The implications are significant for working capital, consumer peer to peer payments and future innovation in the payments sector.
Fast, flexible & Data rich
NPP is the banking industry’s response to the Reserve Bank of Australia’s innovation review, marking a milestone in the ongoing evolution of the payments industry. Below is an overview of NPP's customer benefits at a glance.
NPP participation, infrastructure & future
With NPP based on a global industry standard message format, the possibilities on the receivables side start to grow, as businesses start to get a much better understanding of their payer behaviours; for example, the ability to send more information with each payment.
For parts of the financial services sector NPP will prove game changing. Imagine an insurance company that receives a claim from an individual and needs to make an urgent payment out. With almost immediate crediting of funds, NPP could streamline and expedite the payment process for both the insurer and claimant.
With a rollout of NPP, a design audit was performed to do a comprehensive evaluation of the current state of the app to investigate all the payment flows within goMoney app. This will serve as a basis to examine how all the capabilities of NPP incorporate into the existing payment flows.
Australia won’t be the first country globally to have real-time payments capability, NPP is shaping up to have a level of capability and flexibility comparable to, or in advance of, other ‘real-time’ systems available globally.
Some countries, for example Mexico and Sweden, created their real-time payment capabilities by upgrading existing high value or low value systems. NPP is expected to leap frog over many existing global real-time systems by building a brand new infrastructure for real time payments.
User testing 1
First set of user testing was done with 8 participants to validate and invalidate our assumption on the post-NPP goMoney designs.

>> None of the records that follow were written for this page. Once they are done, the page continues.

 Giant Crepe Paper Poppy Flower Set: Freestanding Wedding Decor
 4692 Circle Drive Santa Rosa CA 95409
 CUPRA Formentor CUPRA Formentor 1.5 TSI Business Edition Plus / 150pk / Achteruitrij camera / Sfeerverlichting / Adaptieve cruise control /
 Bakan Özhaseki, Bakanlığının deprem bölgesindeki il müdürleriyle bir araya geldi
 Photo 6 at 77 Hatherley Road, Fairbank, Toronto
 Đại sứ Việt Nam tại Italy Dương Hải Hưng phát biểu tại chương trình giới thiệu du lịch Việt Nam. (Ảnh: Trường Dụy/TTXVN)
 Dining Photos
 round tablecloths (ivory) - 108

Prototypes were done in Axure and tested with mobile devices.
Set the scene:
Imagine a world where you have the option to make some payments instantly and those recipients can receive the money immediately, and you could use methods like email, mobile numbers to pay (instead of BSB/account number).
Task A: Joe new colleague
You need to pay a new colleague, Joe, $20 for some stationery. You don't have Joe’s mobile number on your phone and all you have is Joe’s email that he scribbled on a piece of paper. Please attempt to pay him via the mobile banking app.
Task B: Pay Anna, your gardener
You’ve just realised that you’ve forgotten to pay Anna your gardener $50 for her work. You want her to get this money as soon as possible. This is the 2nd time Anna has done work for you and you have her account details stored. Please attempt to complete this using your mobile banking app.
Task C: Pay Roberto
Roberto your brother has just called you on your mobile. You owe Roberto $90 for your share of the grocery bill. Please attempt to pay Roberto on your mobile banking app.
How did users feel paying to email/mobile?
Users were more security conscious during pay to email/mobile tasks:
User testing 2
In the second set of user testing, we further iterated on the designs based on the feedback we gathered and created 2 separated prototypes in Axure that will aid with our testing with the participants.
Testing results are documented in a spreadsheet across participants. Prototype 2 is the preferred version.
System usability scale (SUS)
An overall SUS score of 90/100 was achieved in this test.